I know it takes abuse because it has hit the floor many times when I rip over the power cord that is stretched between my workbench power outlets and where I am sanding.

G


----------



## 43longtime (Oct 15, 2008)

clockdaddy said:


> Has good power. Holds up well even with abuse (employees!!). If needed, repair parts are readily available from factory. I've tried many others but now just have the Porter Cable!
> 
> CD


that is what i like about it if it brakes i can get it fixed i went to the rockler store where i leave and i really like the look and fill of it.


----------



## thekctermite (Dec 23, 2007)

I'm nothing short of impressed with mine. I noticed right off that its body is larger in diameter (although stubby) and takes a different grip than the palm sanders I'm used to using. Might be challenging for someone with small hands. Dust collection is pretty good with the included container and even better with my small shop vac. 

The motor doesn't run wild when you don't have the sander under load, which is nice...It holds its RPM very well when you really push down into the workpiece as well. The variable speed feature is nifty although I admittedly haven't used it much yet. 
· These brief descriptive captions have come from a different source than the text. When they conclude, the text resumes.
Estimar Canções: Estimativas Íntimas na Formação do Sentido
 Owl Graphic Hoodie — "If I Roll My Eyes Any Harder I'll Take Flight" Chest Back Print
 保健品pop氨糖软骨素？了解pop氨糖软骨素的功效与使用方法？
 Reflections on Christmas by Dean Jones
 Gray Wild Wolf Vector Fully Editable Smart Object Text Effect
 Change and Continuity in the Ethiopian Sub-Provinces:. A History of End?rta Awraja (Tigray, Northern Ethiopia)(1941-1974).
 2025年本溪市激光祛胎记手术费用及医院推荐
No buyers remorse here. :no:


----------



## 43longtime (Oct 15, 2008)

thekctermite said:


> I'm nothing short of impressed with mine. I noticed right off that its body is larger in diameter (although stubby) and takes a different grip than the palm sanders I'm used to using. Might be challenging for someone with small hands. Dust collection is pretty good with the included container and even better with my small shop vac.
> 
> The motor doesn't run wild when you don't have the sander under load, which is nice...It holds its RPM very well when you really push down into the workpiece as well. The variable speed feature is nifty although I admittedly haven't used it much yet.
> 
> No buyers remorse here. :no:


thanks for your 2 cents.


chris


----------



## 43longtime (Oct 15, 2008)

well I just bought the sander today and i most say I like the fill of it cant wate to get some sand paper forgot it when i got the sander.


----------